First there is the process of familiarising oneself with the general rules of the game, the positioning of the pieces, attack and defence and other technical details.

Then, as we begin to ‘see’ (Al-Basir, the Seer of All) and understand what is happening in the vastness of the board, (Al-Wasi, the All-Comprehending) possibilities for clear action begin to open up that can lead to 'conquering' another army by giving checkmate. (Al-Wayid, the Finder)

If one gives the first checkmate, the two remaining players will most likely feel threatened by the superiority of pieces, (Al-Qawi, the Possessor of All Strength) and resolve to temporarily 'ally' (not explicitly, as it is against the rules) by simultaneously attacking their ‘common enemy’. (Al-Muntaqim, The Avenger)


This usually, but not always, ends in our own defeat, depending not only on how one manages one's own pieces (which may be many and located in sectors difficult to manage), (Al-Wali, the Governor) but also on the effectiveness of the attack received.

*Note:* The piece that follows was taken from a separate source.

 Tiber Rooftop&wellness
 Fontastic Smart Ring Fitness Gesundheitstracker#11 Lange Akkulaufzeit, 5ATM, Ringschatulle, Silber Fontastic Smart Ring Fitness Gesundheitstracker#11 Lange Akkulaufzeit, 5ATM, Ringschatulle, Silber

If this action was not well coordinated, or even if one of them turned against the other, this would give one a breathing space and the possibility to continue in the game. (Al-Afu, the Forgiver)


It may happen that, with a majority of pieces and a good management of them, one can create the second checkmate.From then on, the third and last would be easier because of the majority of pieces obtained. If you checkmate the other three players, you gain everything and all. (Al-Warith, the Inheritor of All)


Another possibility is that two or three players concentrate their attacks on a single army from the start. (Ad-Darr, the Creator of the Harmful). There is usually no escape from this situation either, but one should not be discouraged or give up, for 'the wind' can change when one least expects it, and the outcome can be almost miraculously reversed in one's favour. In this case the watchword is to resist at all costs. (As-Salam, the Saviour; Al-Matin, the Forceful One)


The combinations are endless. Anything can happen. (Al-Qadir, the All Powerful)

Experiencing this variety of possibilities is very enriching, (Al-Mughni, the Enricher), especially if we consider that the familiarity with these processes and mechanisms is influencing us, even 'subconsciously'. (Al-Latif, the Subtle One)

This influence cannot be anything but positive, in the sense of opening and creating new neural paths and spaces within, which will eventually end up influencing our perception and behaviour. (Al-Fattah, the Opener)


As a tool for self-observation, it can be very useful, (Al-Basir, the Seer of All), as our reactions are constantly manifesting themselves during the game and we may be surprised to feel fear, anxiety, excitement, combative passion, courage, frustration and other combinations of moods. The most obvious polarity is that experienced by losing or winning, frustration or elation.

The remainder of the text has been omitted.